> [Task to complete] Begin at the line below that has "Sumikko Gurashi cute". Stop after the line that has "Чехол Silicone Cover", repeating each line exactly and leaving out the pictures.

> [Records for this exercise]
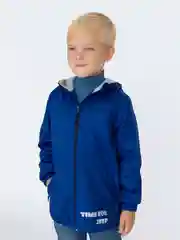Лазурный ветровка для мальчика, Arctic kids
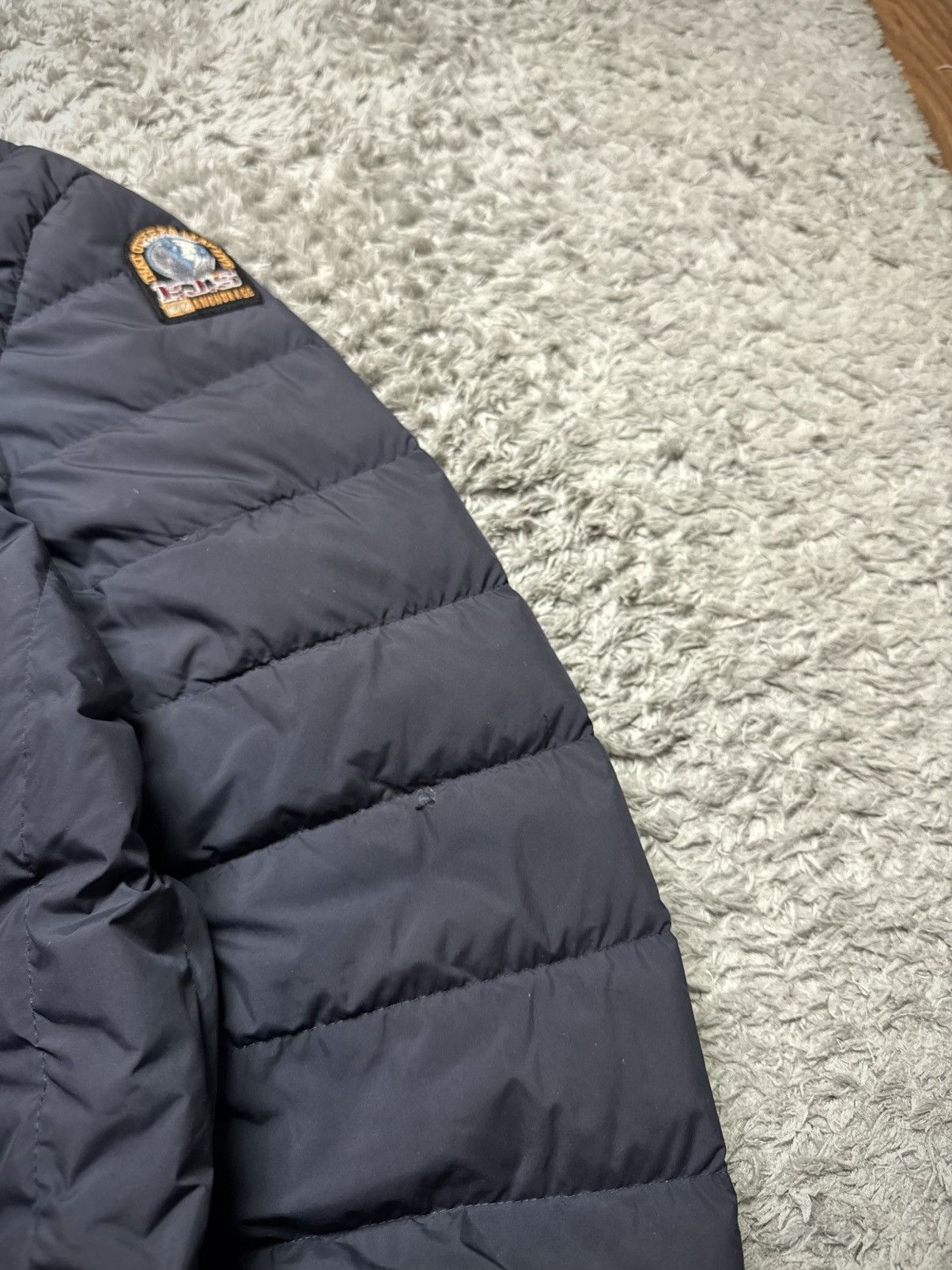 Parajumpers Parajumpers Puffer Rare Jacket Logo Luxury Drill Drip Rap Size US M / EU 48-50 / 2 - 9 Thumbnail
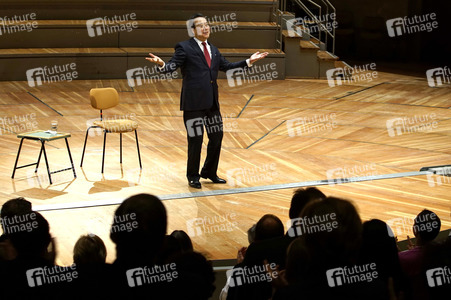 Konzert von Yo-Yo Ma in Berlin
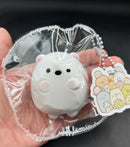 Sumikko Gurashi cute polar bear soft Taba Squishy Animals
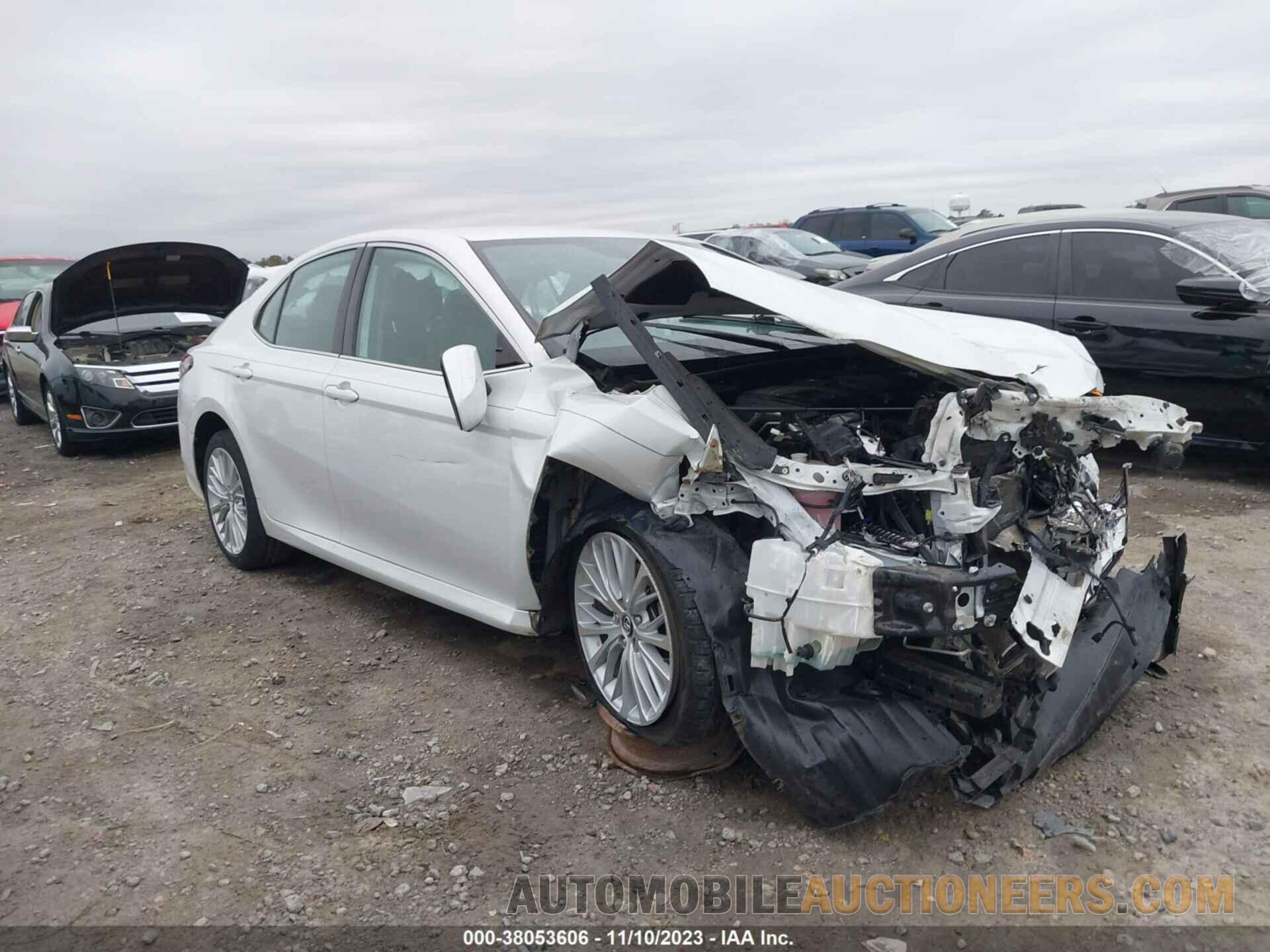 4T1B11HK3KU774946 TOYOTA CAMRY 2019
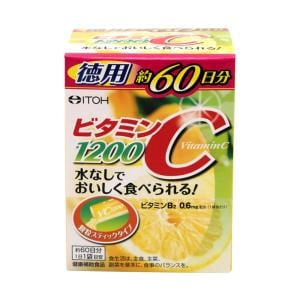 ビタミンC1200 徳用 60包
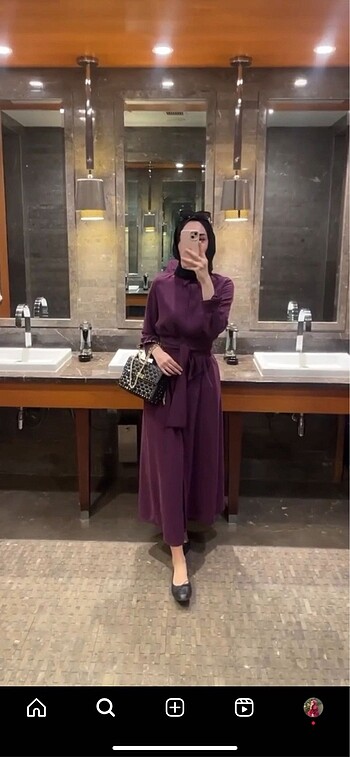 diğer Beden mor Renk Mare coutere
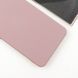 Чехол Silicone Cover Lakshmi Full Camera (AAA) with Logo для Google Pixel 9 Pro Розовый / Pink Sand фото 7
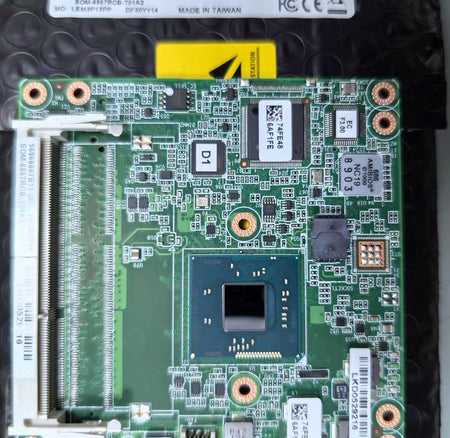 SOM-6867 SOM-6867RCB-U0A2 Mindray T01A2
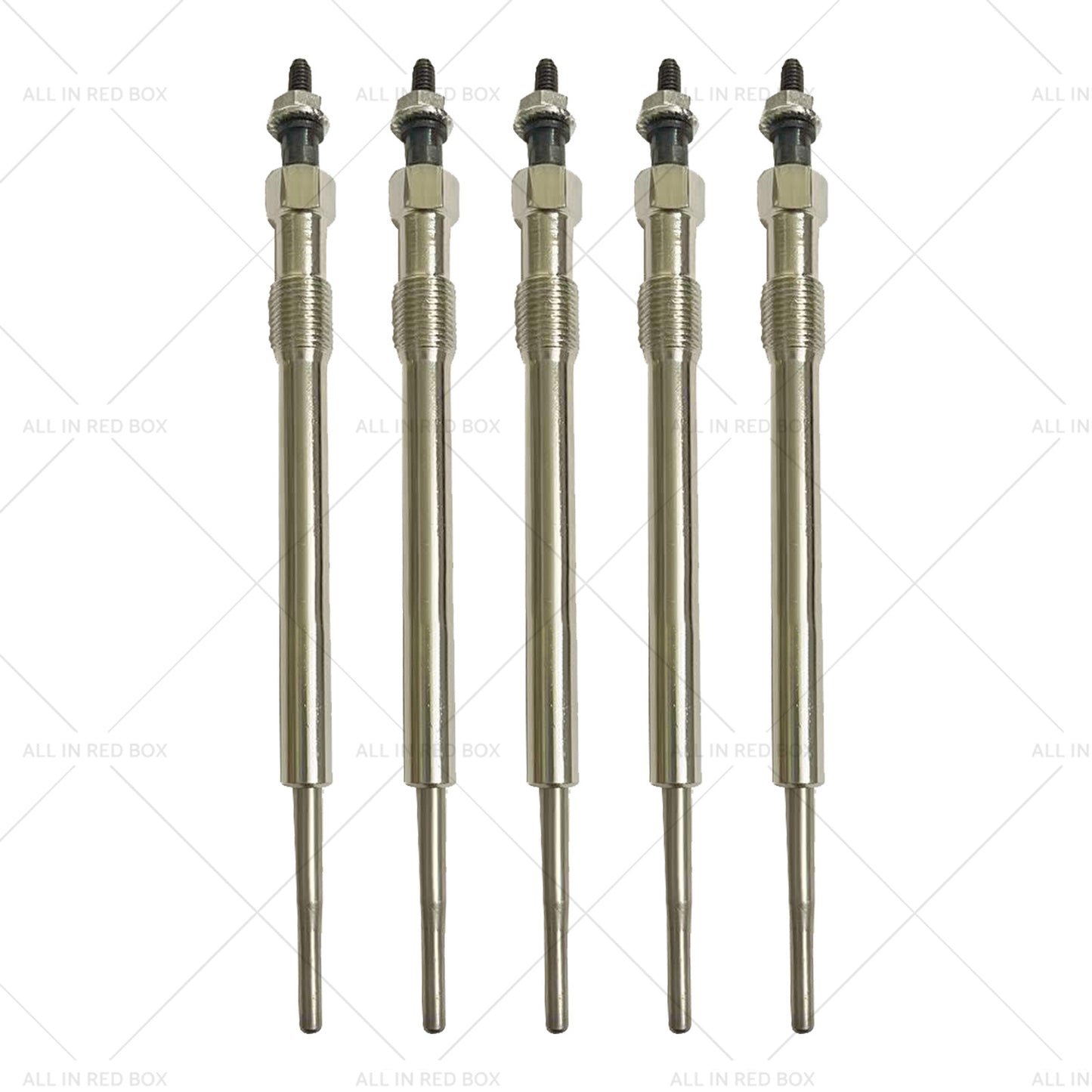 5x Glow Plug Suitable For Ford Ranger PX Mazda BT50 3. 2L P5AT Diesel BK3Q6M090AB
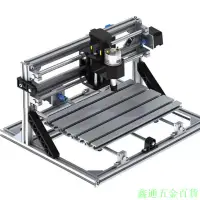 在飛比找蝦皮購物優惠-CNC3018/2418小型桌面數控鉆刀雕刻機兩用平面木頭浮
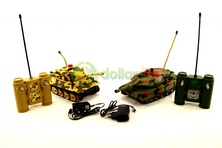 Набор игровой Радиоуправляемые модели Боевые танки World of Tanks RD360 "0012"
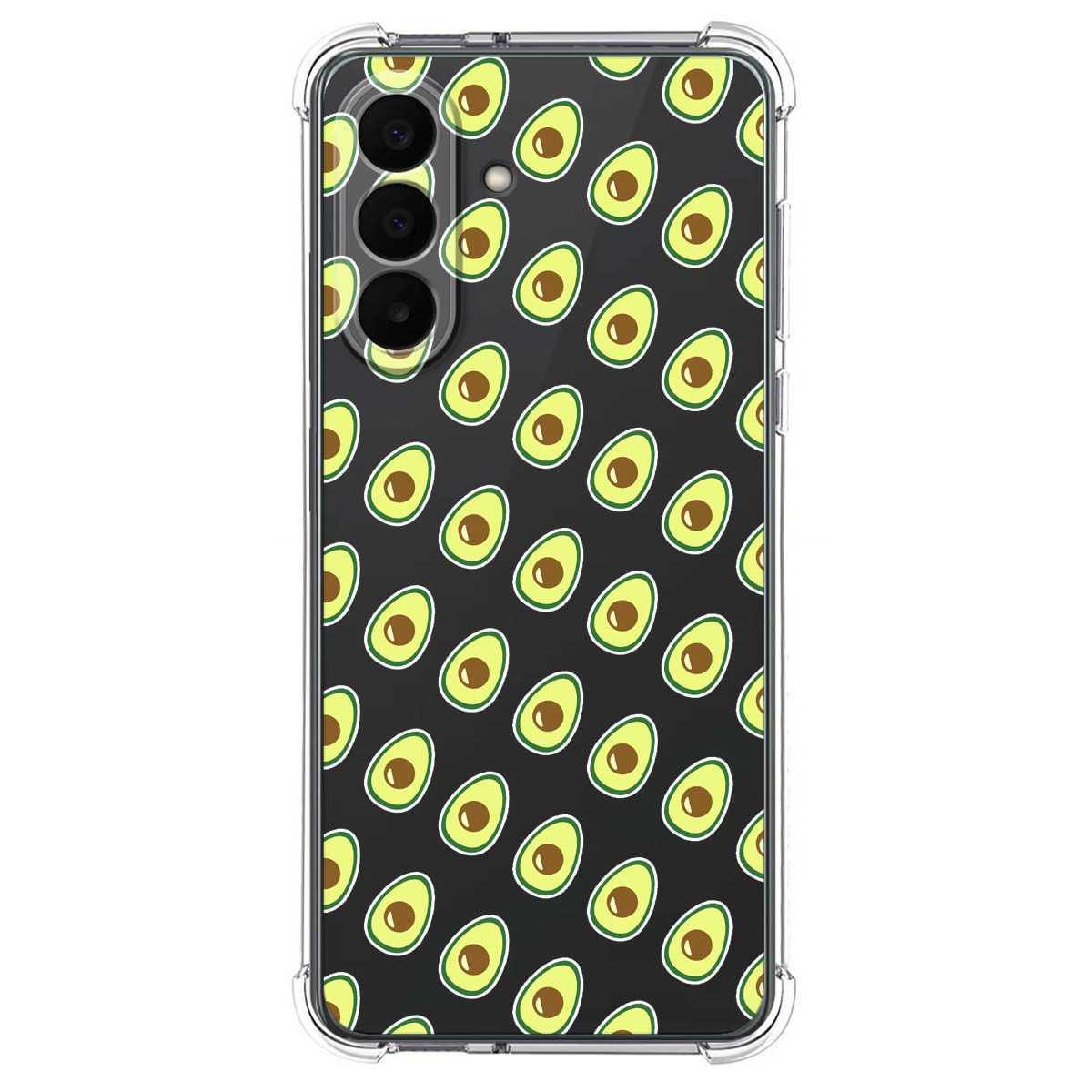 Funda Silicona Antigolpes para Samsung Galaxy...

> [Exercise answer]
 Sumikko Gurashi cute polar bear soft Taba Squishy Animals
 4T1B11HK3KU774946 TOYOTA CAMRY 2019
 ビタミンC1200 徳用 60包
 diğer Beden mor Renk Mare coutere
 Чехол Silicone Cover Lakshmi Full Camera (AAA) with Logo для Google Pixel 9 Pro Розовый / Pink Sand фото 7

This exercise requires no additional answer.